* **WHAT THIS TASK INVOLVES**: Copy word for word, please, the lines of the entries below running from the one containing "รูปของ Cumi balado" to the one containing "Spigen Liquid Air", both ends included.

* **EXERCISE INPUT**:
+++

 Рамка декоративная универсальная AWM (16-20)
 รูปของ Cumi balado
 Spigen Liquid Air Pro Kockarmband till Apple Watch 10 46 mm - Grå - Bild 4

+++

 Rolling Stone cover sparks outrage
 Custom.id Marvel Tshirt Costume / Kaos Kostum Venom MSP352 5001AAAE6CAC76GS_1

+++

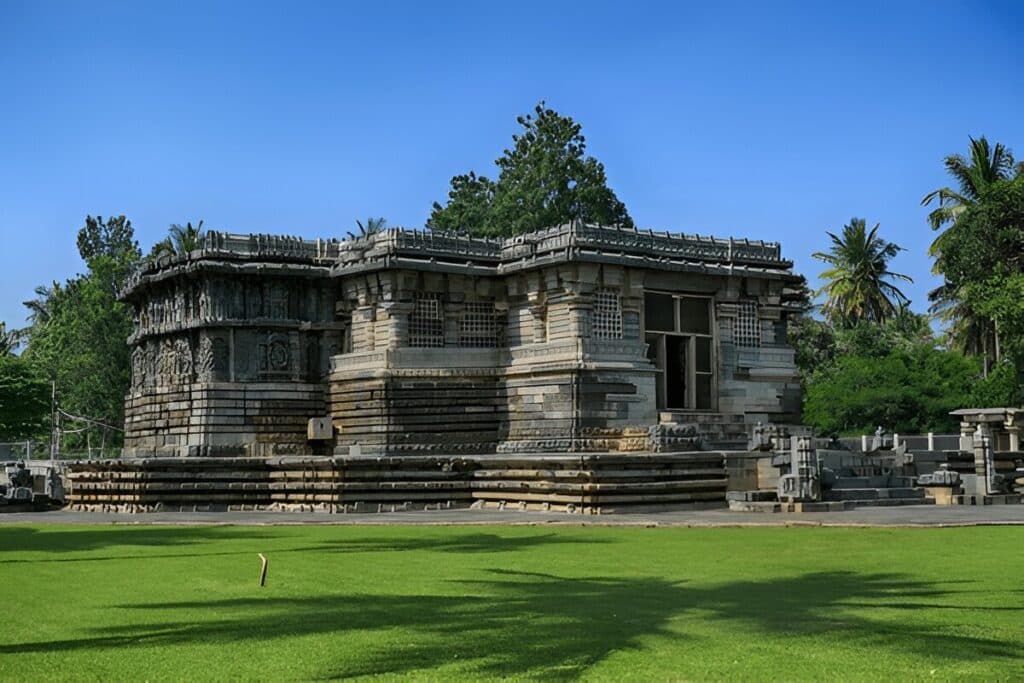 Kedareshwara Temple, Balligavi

+++

* **EXERCISE ANSWER**:
 รูปของ Cumi balado
 Spigen Liquid Air Pro Kockarmband till Apple Watch 10 46 mm - Grå - Bild 4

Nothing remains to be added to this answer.